**DATA SUPPLIED**
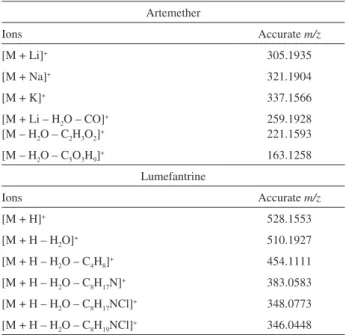 Table S1. Ions and their accurate m/z values detected in the ESI(+)-MS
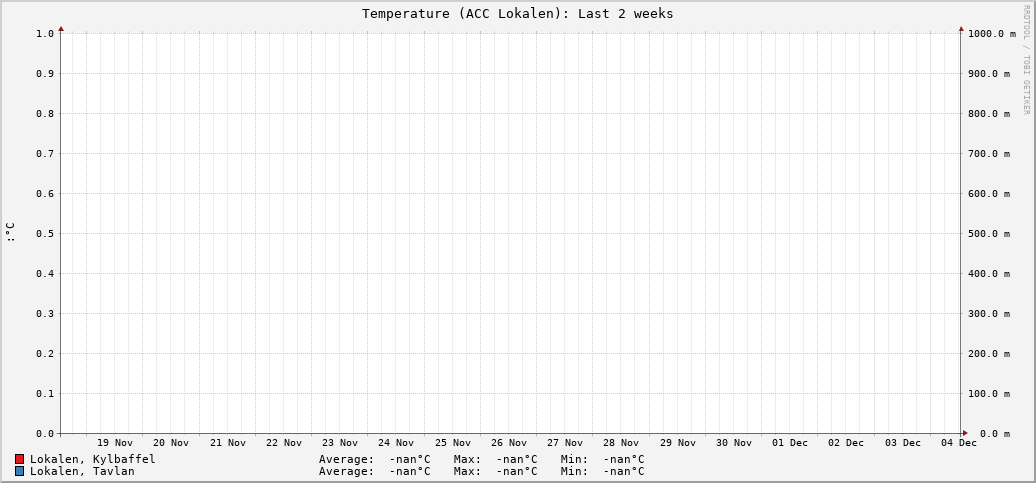 ACC Lokalen (Last 2 weeks)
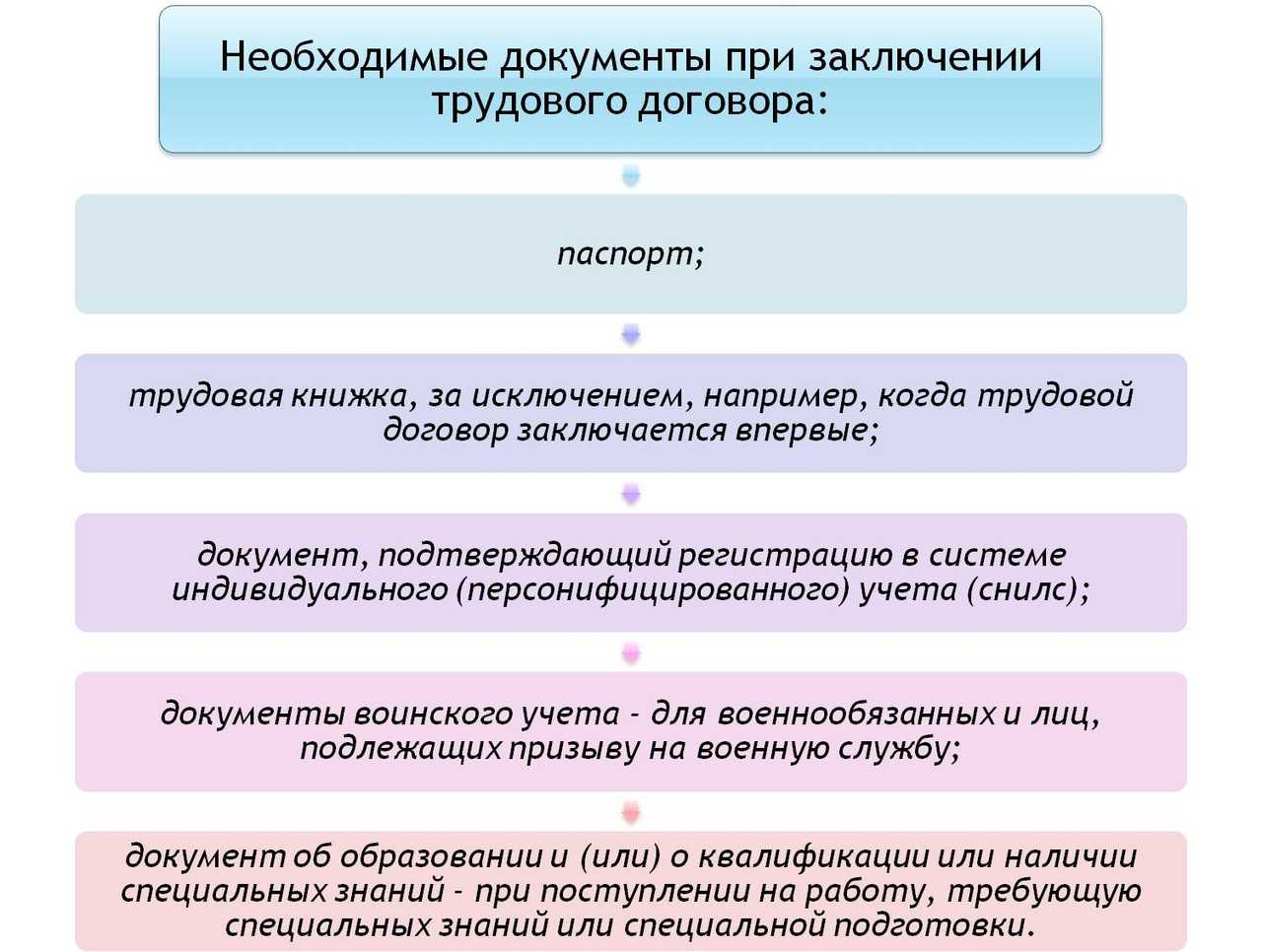 Трудовой договор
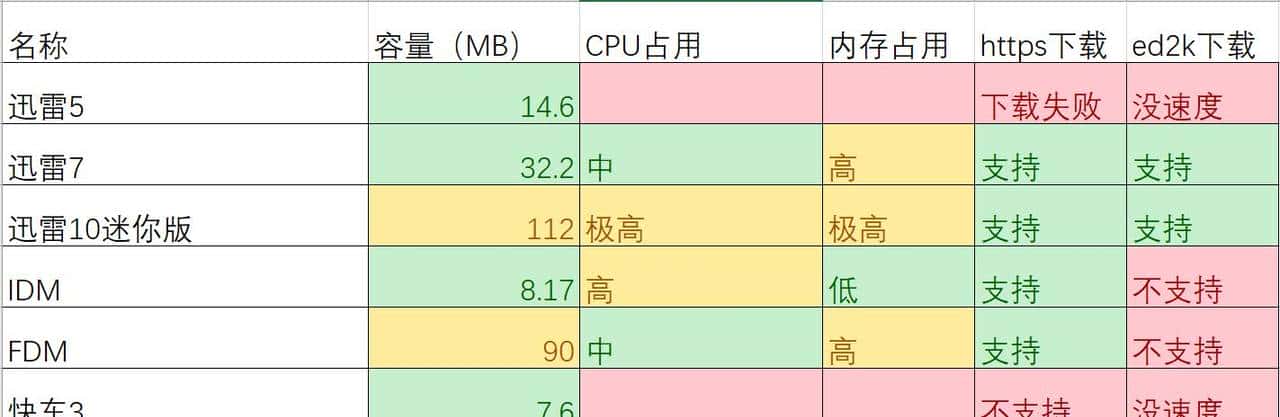 实测七款下载工具，第6和第5很像，结果还是它最好用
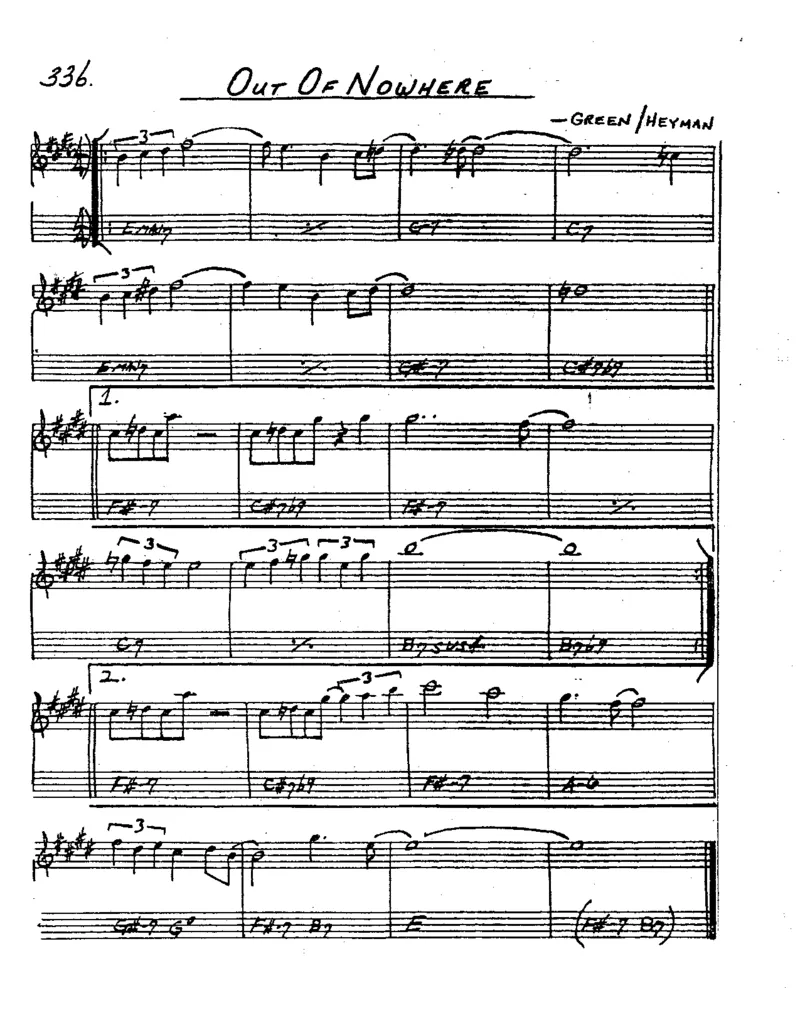 TheRealBookVolume-1-Eb'5thEdition'(2)_一万首著名钢琴曲谱哈农贝多芬合集视频教学电子版高清无水印可打印_07各风格钢琴谱合集_JazzPiano_原版钢琴教材附音频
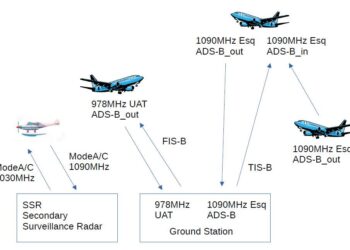 ADSB eyes the Asian market with relish – navalnews.com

**EXERCISE DIRECTIONS**
All of the material above is to be retyped exactly, with no pictures included.

**WRITTEN ANSWER**
 Table S1. Ions and their accurate m/z values detected in the ESI(+)-MS
 ACC Lokalen (Last 2 weeks)
 Трудовой договор
 实测七款下载工具，第6和第5很像，结果还是它最好用
 TheRealBookVolume-1-Eb'5thEdition'(2)_一万首著名钢琴曲谱哈农贝多芬合集视频教学电子版高清无水印可打印_07各风格钢琴谱合集_JazzPiano_原版钢琴教材附音频
 ADSB eyes the Asian market with relish – navalnews.com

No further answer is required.